Wells sent that schooner to New Orleans under a prize crew for adjudication. Antona arrived off the mouth of the Rio Grande on the 8th and reembarked Chase who had been released by Brigadier General Hamilton P. Bee, CSA—who commanded Confederate troops in Texas—because of his having been captured in neutral waters. She sailed for Galveston two days later and reached the blockade station off that port on the 12th suffering from damage to her boilers, machinery, and propeller. Towed to New Orleans by Bermuda, she remained there under repair until heading downriver on 16 November to return to the coast of Texas. On the 29th, her new commanding officer, Acting Master Alfred L. B. Zerega reported having captured Mary Ann three days before. That Southern schooner of Sabine, Texas, had departed Caleasieu Pass on the 21st and was heading for Tampico, Mexico, with a cargo of cotton. Since the prize was leaking badly, Zerega transferred her cotton to Bermuda for delivery to the Federal prize commissioners at New Orleans and then destroyed the schooner before resuming Antona's voyage southward.

Antona scored again on Christmas Eve 1863 when she took the British schooner Exchange 10 miles east of Velasco.
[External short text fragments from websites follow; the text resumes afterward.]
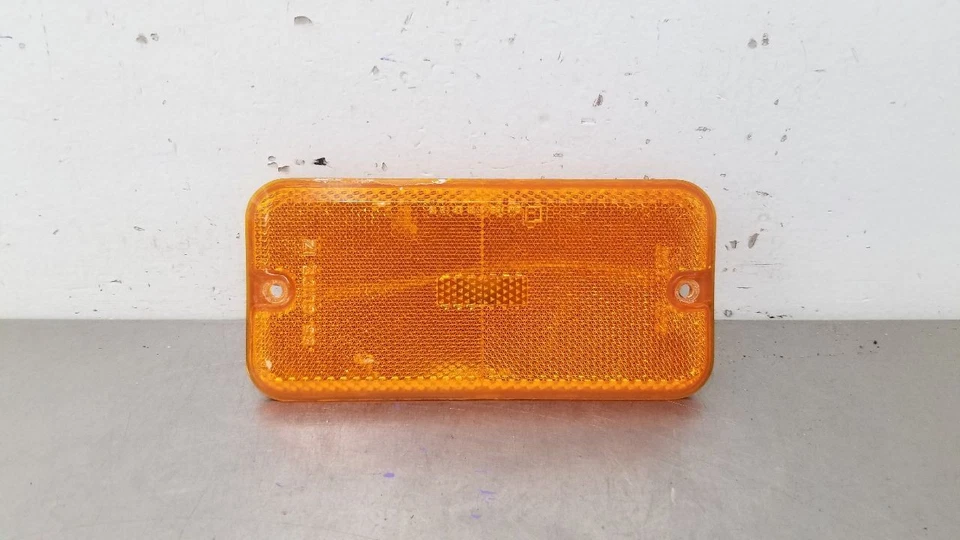 93 GMC G2500 VANDURA БОКОВОЙ ГАБАРИТНЫЙ ФОНАРЬ ЛАМПА ПЕРЕДНИЙ ПРАВЫЙ ПАССАЖИР - Изображение 2 из 4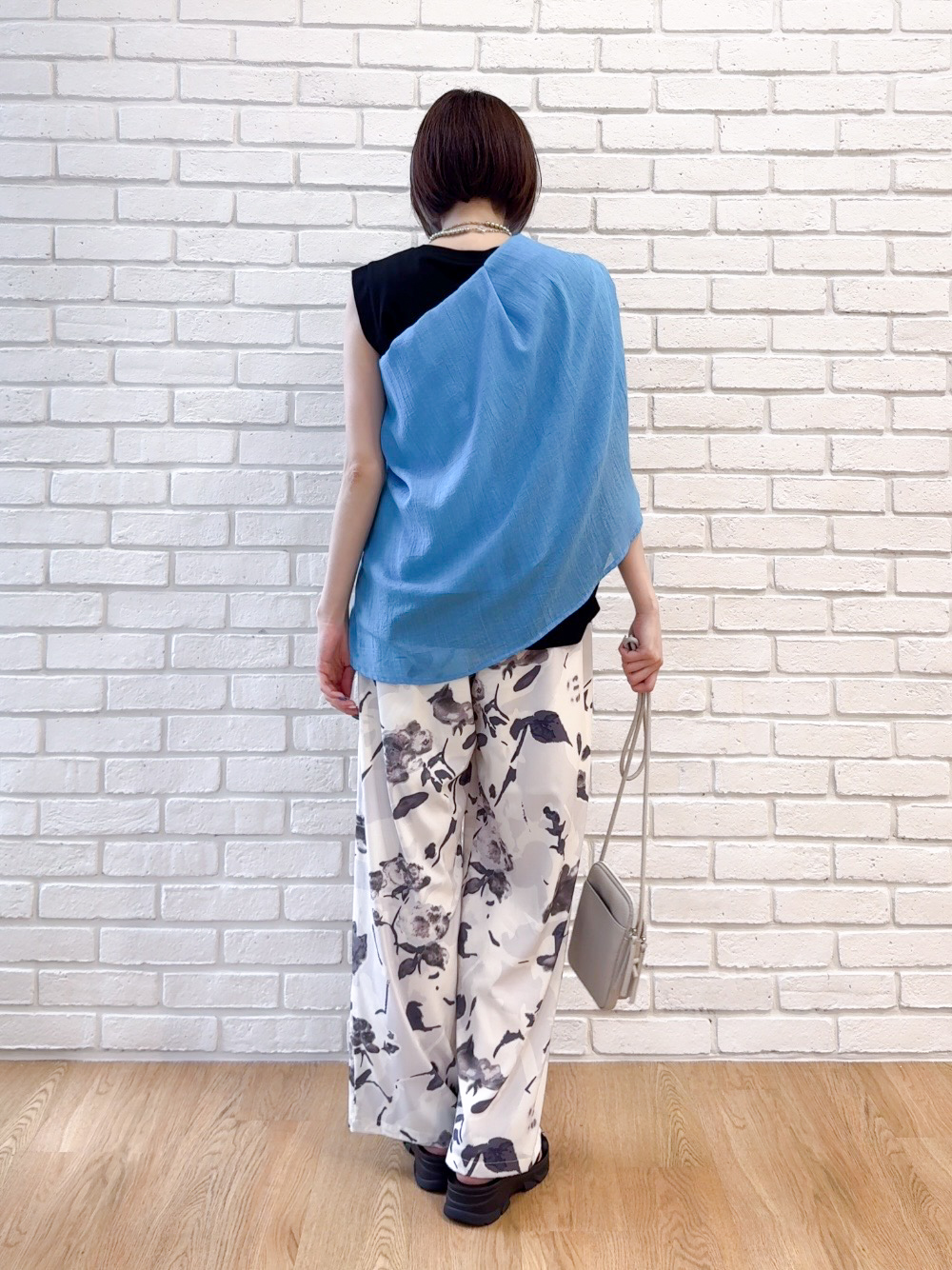 𝐜𝐡𝐢𝐤𝐚さんの「SHOO･LA･RUE｜【UVカット/接触冷感】とろみタックノースリーブトップス」を使ったコーディネート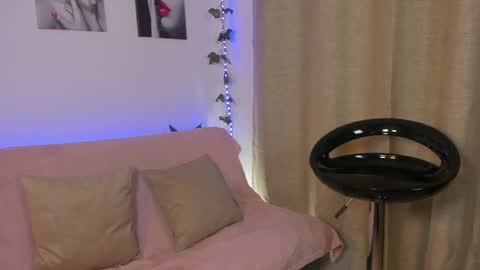 Snapshot of rebeca_marchetti chatting on 2, 4, 2026 Rebeca Marchetti online show from 2, 4, 2026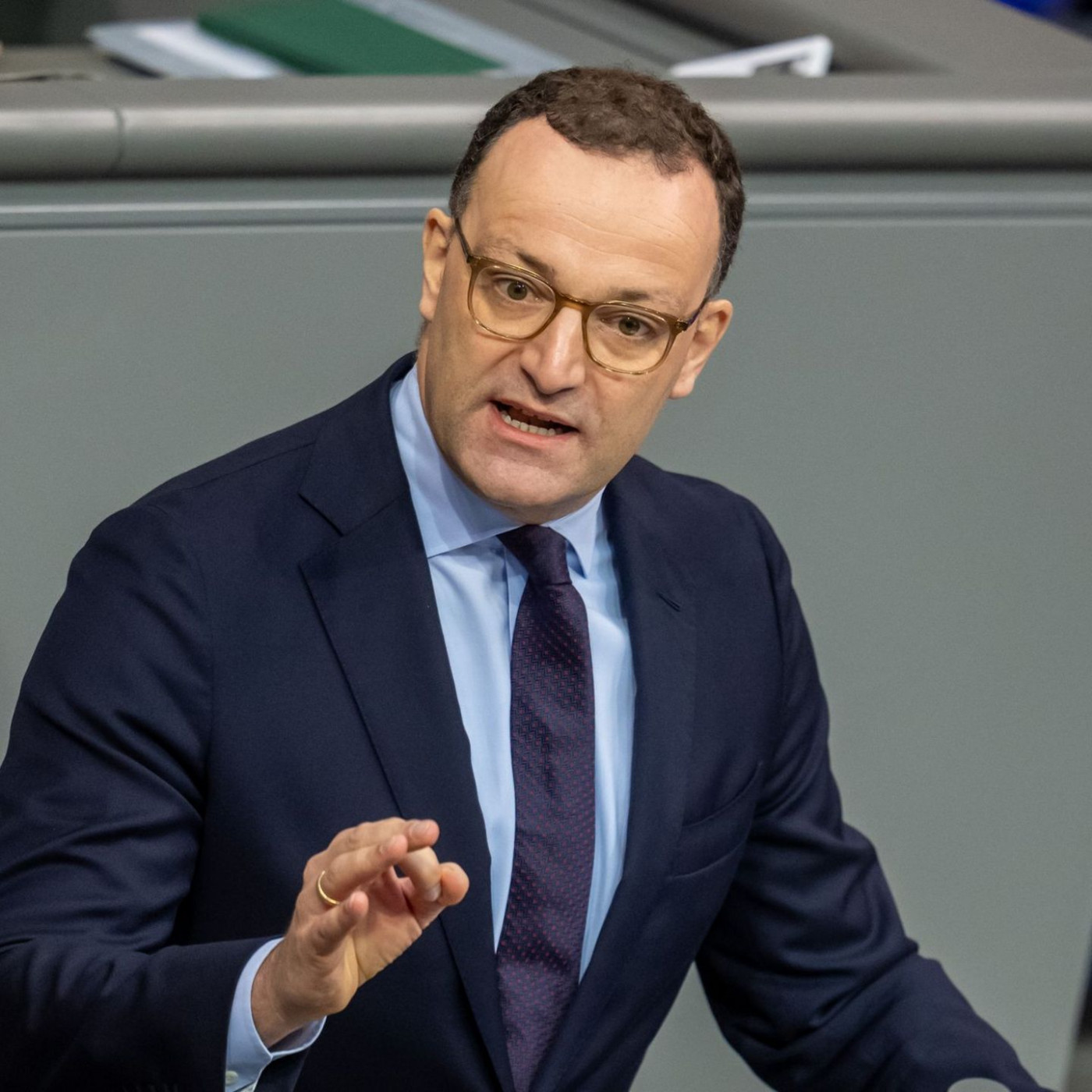 Spahn wirft SPD Unterstellung "rassistischer Narrative" vor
This ship had departed Veracruz, Mexico, with a widely varied general cargo including a large quantity of liquor and was purportedly heading for New Orleans. Since she was far off course for that port, Zerega. seized the schooner, removed her liquor since he "...did not deem it safe to allow it to go in the schooner to New Orleans. "After promising to... send it on for adjudication...by...the first safe opportunity," Zerega sent the prize to New Orleans and resumed Antona's patrol. The steamer's operations through the remainder of the Civil War were similar to her earlier services. Her last notable action occurred before dawn on 10 February 1865 when a boat from the steamer joined an expedition led by Lt. Charles E. McKay of Princess Royal to destroy the large iron-hulled steamer Will O'The Wisp which had run aground off Galveston.

After the end of the war Antona departed Pensacola, Florida, on 27 July 1865 and proceeded North. She was decommissioned at New York City on 12 August 1865 and sold at auction there to G. W. Quintard on 30 November 1865. Redocumented Carlotta on 5 January 1867, the steamer served as a merchantman operating out of New York until destroyed by fire in 1874.